The second lease was in the same terms save that the figure of 833 was substituted for 4,179. The formula was admittedly devised with a view to minimising stamp duty. The Inland Revenue took the view that the leases were chargeable with ad valorem stamp duty in respect of the premiums in accordance with Schedule 1 to the Stamp Act 1891. For that purpose they took the closing price of the stock on Friday August 13 1993 as the prevailing date of execution of the lease (August 14 being a Saturday).

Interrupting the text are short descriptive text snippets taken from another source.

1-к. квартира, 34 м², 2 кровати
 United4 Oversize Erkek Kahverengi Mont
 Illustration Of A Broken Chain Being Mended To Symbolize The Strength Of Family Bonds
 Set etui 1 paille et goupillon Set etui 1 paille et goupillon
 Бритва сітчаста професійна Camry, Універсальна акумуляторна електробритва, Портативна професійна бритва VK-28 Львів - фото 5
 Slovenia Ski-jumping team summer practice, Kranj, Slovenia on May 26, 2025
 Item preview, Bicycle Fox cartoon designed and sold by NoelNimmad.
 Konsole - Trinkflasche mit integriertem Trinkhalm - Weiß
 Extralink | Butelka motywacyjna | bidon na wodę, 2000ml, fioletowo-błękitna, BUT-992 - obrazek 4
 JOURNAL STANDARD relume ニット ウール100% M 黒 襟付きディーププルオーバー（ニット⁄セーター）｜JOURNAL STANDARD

The taxpayer appealed contending that the leases were chargeable only with a fixed duty of £2 on the basis that the consideration was not capable of being ascertained at the date of the execution of the lease.

Held The appeal was dismissed.

1. Stamp duty was charged by reference to the circumstances which existed at the time the instrument was executed. Ad valorem stamp duty might not be levied on an instrument by reference to consideration, the amount of which was unascertainable at the time when the instrument was executed.

2. In this case the consideration was not ascertainable at the time the instrument was executed since it was carefully designed not to be.

3. However, it had to be possible to ascertain from the agreement that there was some specified sum agreed upon as the basic payment.

4. The issue in the present case depended upon whether the formula adopted by clause 3 could be issued to establish a basic payment as at the date of the execution of the instrument based on the then closing price of treasury stock, any subsequent variation in that price in the 25 days up to the date specified in clause 3 itself being treated as a “contingency” to be disregarded.

5. Although the formula used by the agreement could not in terms be applied as at the date of the instrument since it referred to a date 25 days thereafter, none the less it was possible to ascertain the price of the relevant treasury stock as at that date.

6. Once one got over the conceptual difficulty of applying the contractual formula at a different point in time from that envisaged by the contract, there was no practical difficulty in fixing the amount. The appropriate price was that which could be fairly regarded as the “closing price” as at the date of the instrument, that was the one most recently available.

7. Accordingly, the two leases in question were chargeable with duty assessed in accordance with the formula specified in clause 3 of each lease, applying the closing price of the treasury stock as at August 13 1993 (ie £102.125).

Roger Thomas (instructed by Taylor Vintners) appeared for the taxpayer; Michael Furness (instructed by the solicitor to the Inland Revenue) appeared for the Crown.